■ Supplied records
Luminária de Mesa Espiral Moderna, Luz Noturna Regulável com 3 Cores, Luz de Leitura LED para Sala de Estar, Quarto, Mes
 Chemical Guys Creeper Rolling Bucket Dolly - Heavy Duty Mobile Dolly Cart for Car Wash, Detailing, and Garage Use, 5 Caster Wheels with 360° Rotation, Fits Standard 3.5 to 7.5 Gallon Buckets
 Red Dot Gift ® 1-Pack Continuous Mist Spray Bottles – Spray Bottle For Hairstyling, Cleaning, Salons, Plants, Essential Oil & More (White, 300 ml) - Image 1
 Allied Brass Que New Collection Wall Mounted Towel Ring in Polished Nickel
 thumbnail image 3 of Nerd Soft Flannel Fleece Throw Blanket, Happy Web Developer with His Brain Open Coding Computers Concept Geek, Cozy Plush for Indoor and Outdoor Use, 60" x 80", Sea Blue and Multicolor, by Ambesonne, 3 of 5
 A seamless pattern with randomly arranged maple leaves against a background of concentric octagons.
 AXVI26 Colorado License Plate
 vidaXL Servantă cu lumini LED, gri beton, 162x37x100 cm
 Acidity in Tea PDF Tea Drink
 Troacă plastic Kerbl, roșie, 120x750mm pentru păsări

■ Problem
Repeat the whole listing exactly. Leave nothing out.

■ Result for this exercise
Luminária de Mesa Espiral Moderna, Luz Noturna Regulável com 3 Cores, Luz de Leitura LED para Sala de Estar, Quarto, Mes
 Chemical Guys Creeper Rolling Bucket Dolly - Heavy Duty Mobile Dolly Cart for Car Wash, Detailing, and Garage Use, 5 Caster Wheels with 360° Rotation, Fits Standard 3.5 to 7.5 Gallon Buckets
 Red Dot Gift ® 1-Pack Continuous Mist Spray Bottles – Spray Bottle For Hairstyling, Cleaning, Salons, Plants, Essential Oil & More (White, 300 ml) - Image 1
 Allied Brass Que New Collection Wall Mounted Towel Ring in Polished Nickel
 thumbnail image 3 of Nerd Soft Flannel Fleece Throw Blanket, Happy Web Developer with His Brain Open Coding Computers Concept Geek, Cozy Plush for Indoor and Outdoor Use, 60" x 80", Sea Blue and Multicolor, by Ambesonne, 3 of 5
 A seamless pattern with randomly arranged maple leaves against a background of concentric octagons.
 AXVI26 Colorado License Plate
 vidaXL Servantă cu lumini LED, gri beton, 162x37x100 cm
 Acidity in Tea PDF Tea Drink
 Troacă plastic Kerbl, roșie, 120x750mm pentru păsări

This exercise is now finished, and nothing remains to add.